Monday, May 2, 2011

To Be Both Catholic and American

Something I've debated in my  own head from time to time. Being both Catholic and American just don't gel sometimes. Osama bin Laden's death has brought this to the forefront of my thinking today. I happened to see it come across Twitter last night, and shocked, wanting to verify, I went to They didn't have any information yet, just the banner at the top of the page announcing that the President was giving a late night television announcement. To be honest, I was terrified that there had been another terrorist attack, or some of our troops had taken such heavy losses that he felt he needed to make a special announcement. That maybe all the buzz on Twitter was just buzz created by some other, awful event.

To be totally truthful, when I heard about bin Laden, I was relieved. Then shocked that they had at last found him. Then proud. Then glad. Then, when seeing some of the people gathering places and actually celebrate, I felt uncomfortable, and had to stop and identify why this predictable reaction would make me uncomfortable.

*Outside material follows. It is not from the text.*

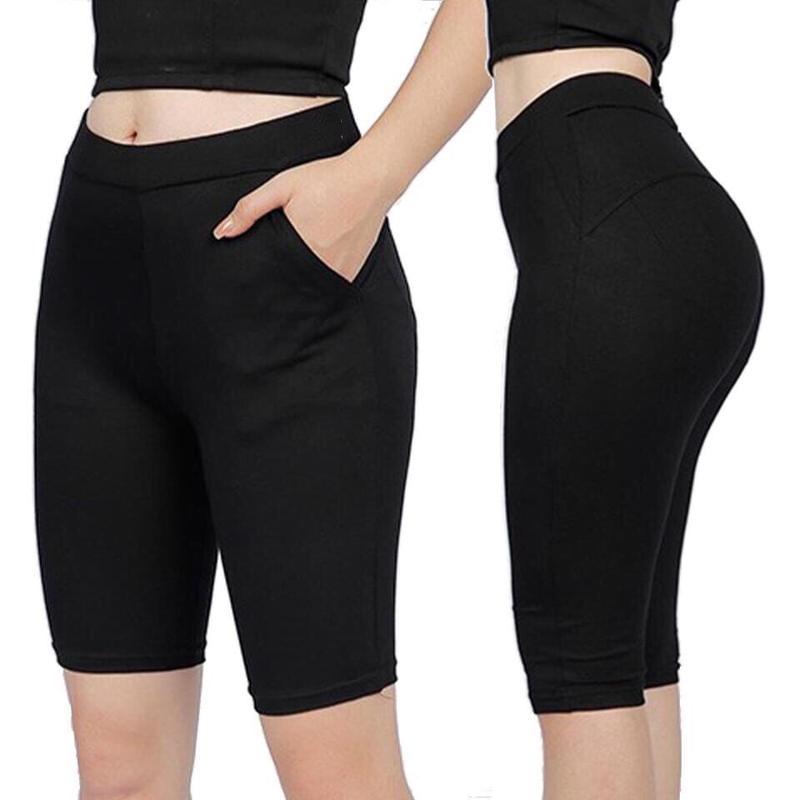 Quần Legging Cộc Trên Gối Chất Cotton Co Giãn Nâng V3 Có 2 Túi Trước, Quần Legging Ngố Đùi Thể Thao Sport Tập Thể Dục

 I think it's only natural to have mixed emotions about such a huge event. Something that quite frankly, I think needed to happen the way it did. Not one to give props to the president often (he gives himself props often enough, in my opinion), I think it did show some forethought and planning and good handling of the situation. The 24 Navy Seals did attempt to take him alive into custody, he resisted, using his own wife as a shield, which is despicable, and in the end, was killed. He had been brought to justice at that point - and I am glad about that fact. The part I am uncomfortable with is the actual celebrating. Honestly, and I think this is because I am both a Catholic and an American, I am experiencing some culture clash within my own heart.

Because I am an American, and very patriotic, my heart is glad that a monster has been brought to justice. I think the method was just, the mission was just, and it needed to happen. His body was disposed of in a just and proper manner, in accordance with his faith. In my American opinion, perhaps more than he deserved. The burial at sea, where there can be no shrine or pilgrims, was just. I am proud of the way that was handled - it shows Americans understand basic human dignity even for those who showed no mercy for others. This I can wrap my Catholic heart around.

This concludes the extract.